As the communications and healthy living program manager for the non-profit organization Simply Smiles, she splits her time between her native Connecticut, where the Simply Smiles offices are based, and project locations on the Cheyenne River Reservation in South Dakota and in Oaxaca, Mexico.
She’ll spend five to six months a year living and working on in the town of La Plant on the western side of the Lakota Reservation, supervising a community garden and health and wellness programs. The Reservation is roughly the size of Connecticut within the state of South Dakota. The experience led her to the inescapable conclusion that healthy, local food means more than just good nutrition – for the Lakota, it is an important element in restoration of cultural traditions and rebuilding individual self-worth and communal pride.
“Food can be a powerful tool for social change,” Alex says. “When you put people on a reservation and give them historically and traditionally unfamiliar foods like wheat flour and cooking oil, you set in motion a cycle of oppression. For generations these people have been cut off from the foods they used to depend on.”
For her GMC capstone experience, Alex created a resource hub and a photo essay on native food sovereignty called “In Search of Wild Turnips,” which she self-published on her website speakwithyourfood.com.
The wild (or “prairie” turnip) is a sacred, ceremonial and now somewhat elusive wild food. The title of Alex’s blog represents not just the reestablishment of this particular root vegetable but a metaphor for restoring an entire food system.
With Simply Smiles, Alex leads the formation of a community garden in the town of La Plant, complete with a 72-foot long greenhouse, raised beds, a comprehensive compost system, a small, hydroponic growing system, and classes in gardening, cooking and native food education. By 2015, she was helping the children in La Plant run their own farm stands, which will expand—along with production—during the 2016 season.
Her interest in raising food dates back to her childhood growing up in rural Connecticut, where her mom maintained small vegetable and herb gardens. She gravitated to English and journalism in college, graduating summa cum laude from Fairfield University. She became deeply interested in food policy, becoming a vegetarian and working on local farms during her college years.

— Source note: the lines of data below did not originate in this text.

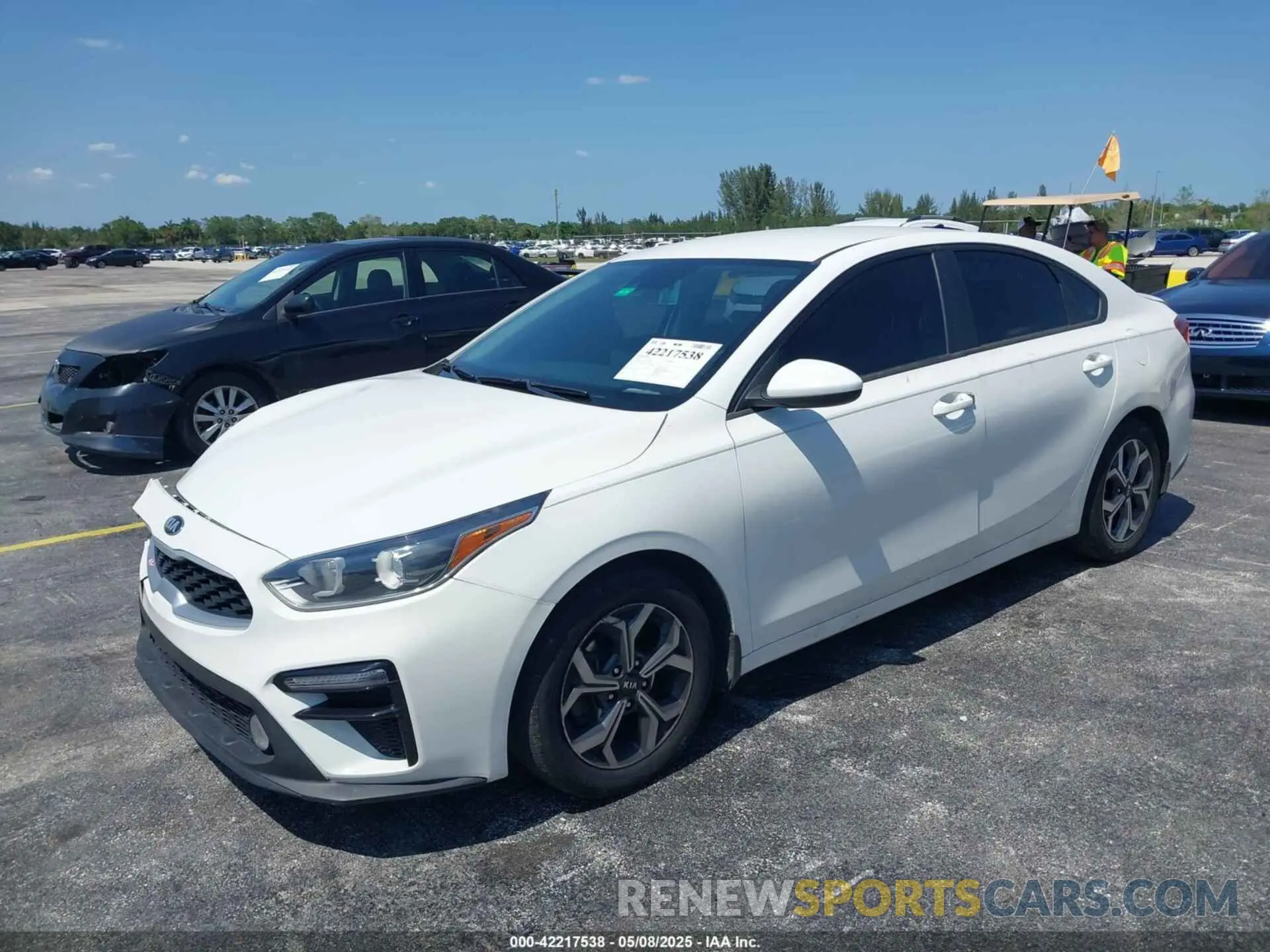 2 fotografías del automóvil dañado 3KPF24AD4LE214109 KIA FORTE 2020
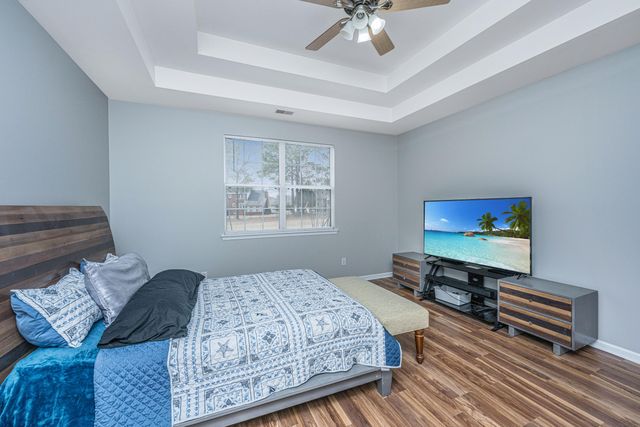 1319 Lark Lane, Hanahan, SC 29410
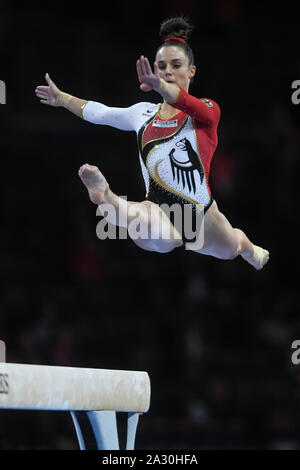 Stuttgart, Allemagne. 4ème Oct, 2019. PAULINE SCHAEFER monte la poutre lors de la ronde de qualification dans l'Hanns-Martin-Schleyer-Halle à Stuttgart, Allemagne. Credit : Amy Sanderson/ZUMA/Alamy Fil Live News Banque D'Images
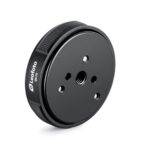 Leofoto QS-70 snelwisselsysteem schuine onderzijde van Q70 snelwisselplaat met centrale schroef en meerdere montagegaten.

“It was a great way to get connected to the local food movement. When I graduated in the midst of the Great Recession, I had no problem finding work,” she said.
She also began sharing her observations by writing for E-Magazine. Alex explored a graduate education in food policy and was accepted to New York University, but it was a residential program and she balked at the price tag. “More than anything, I was also drawn to the fact that the faculty of Green Mountain College walked the walk: not only were they educators, but they were food growers and hands-on leaders and activists in the sustainable food movement.”
She describes a moment while engaged in a reading for the “Bioregional Theory and the Foodshed” class taught by prof. Laird Christensen. She was working at the Cheyenne River Reservation at the time. “I realized ‘Hey, I’m really living this.’ That class was really my guide to living and working on the Reservation and in understanding the vital need for place-based context and research.”